(Crawled caption data)
----

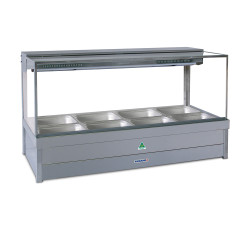 Roband S22   Square Glass Hot Food Display Bar, 4 pans double row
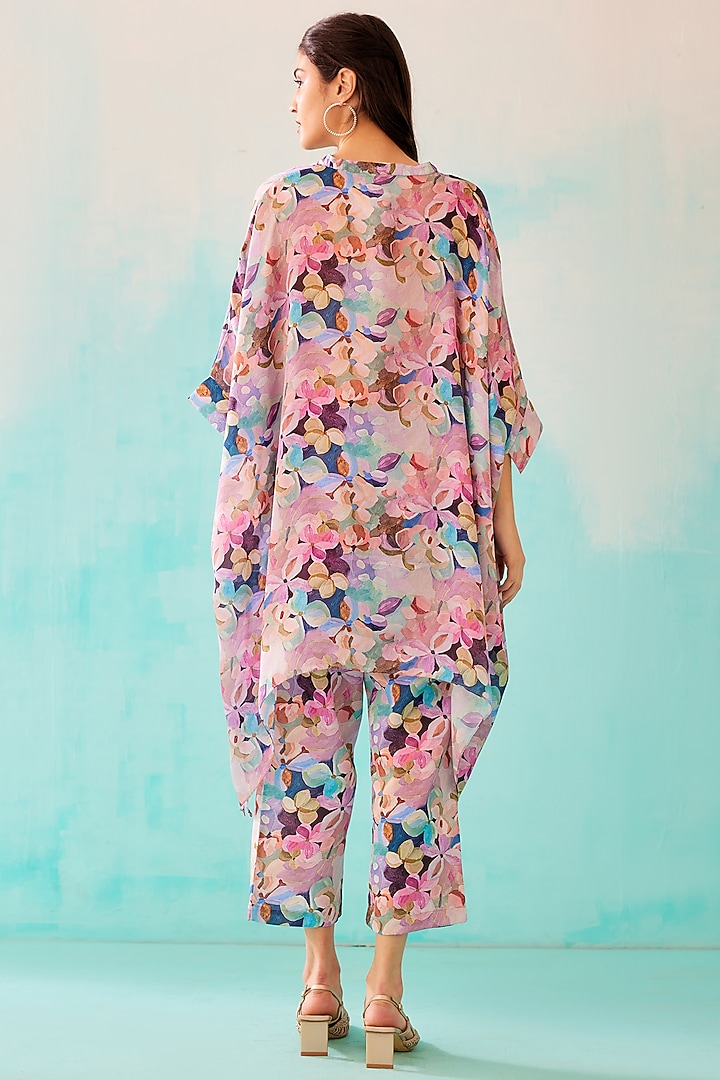 Multi-Colored Satin Georgette Blend Printed Kaftan by NORN INDIA at Pernia's Pop Up Shop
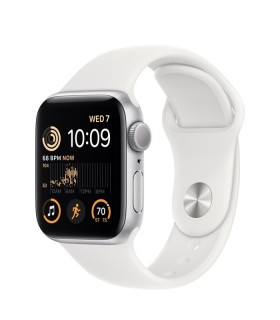 اپل واچ SE 2 سایز ۴۰ میلیمتر با بدنه آلومینیومی نقره‌ای و بند سیلیکونی سفید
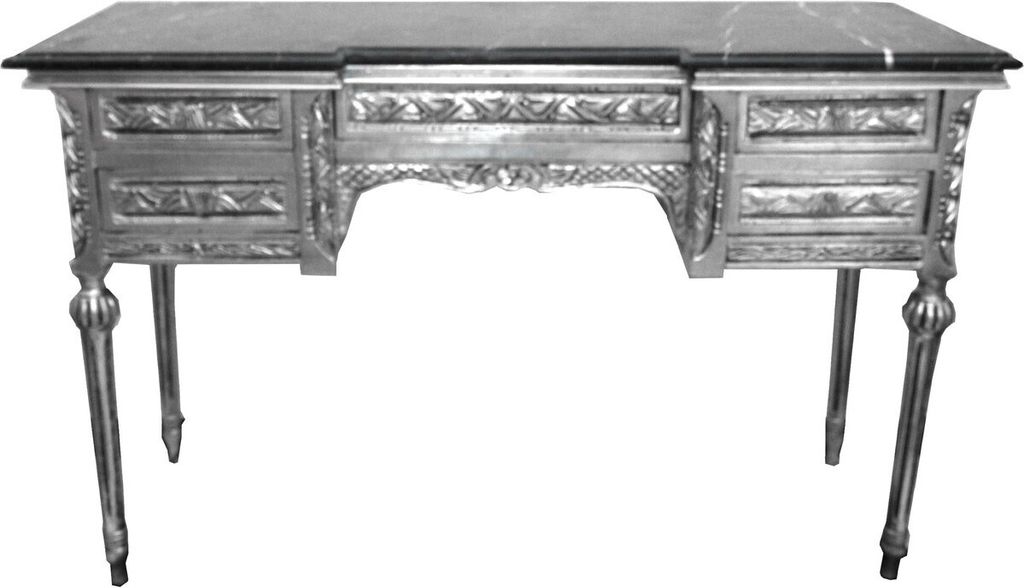 Casa Padrino Barock Konsole Silber mit Marmorplatte und 5 Schubladen 126 x 43 x H79 cm - Konsolentisch Sekretär - Möbel
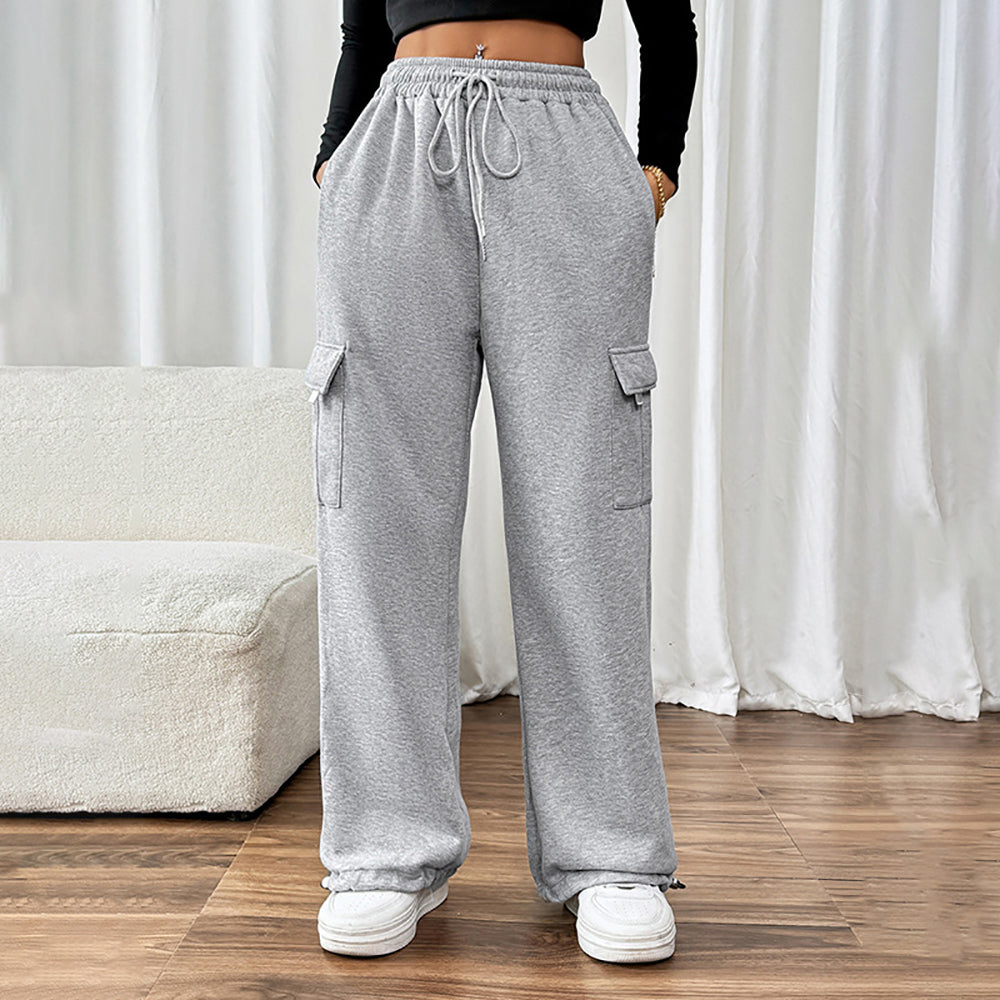 Women Solid Loose Fit Cargo Trousers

----

§ **TASK DETAILS**: Skip every picture and transcribe the data above exactly.

§ **TASK RESULT**:
 Roband S22   Square Glass Hot Food Display Bar, 4 pans double row
 Multi-Colored Satin Georgette Blend Printed Kaftan by NORN INDIA at Pernia's Pop Up Shop
 اپل واچ SE 2 سایز ۴۰ میلیمتر با بدنه آلومینیومی نقره‌ای و بند سیلیکونی سفید
 Casa Padrino Barock Konsole Silber mit Marmorplatte und 5 Schubladen 126 x 43 x H79 cm - Konsolentisch Sekretär - Möbel
 Women Solid Loose Fit Cargo Trousers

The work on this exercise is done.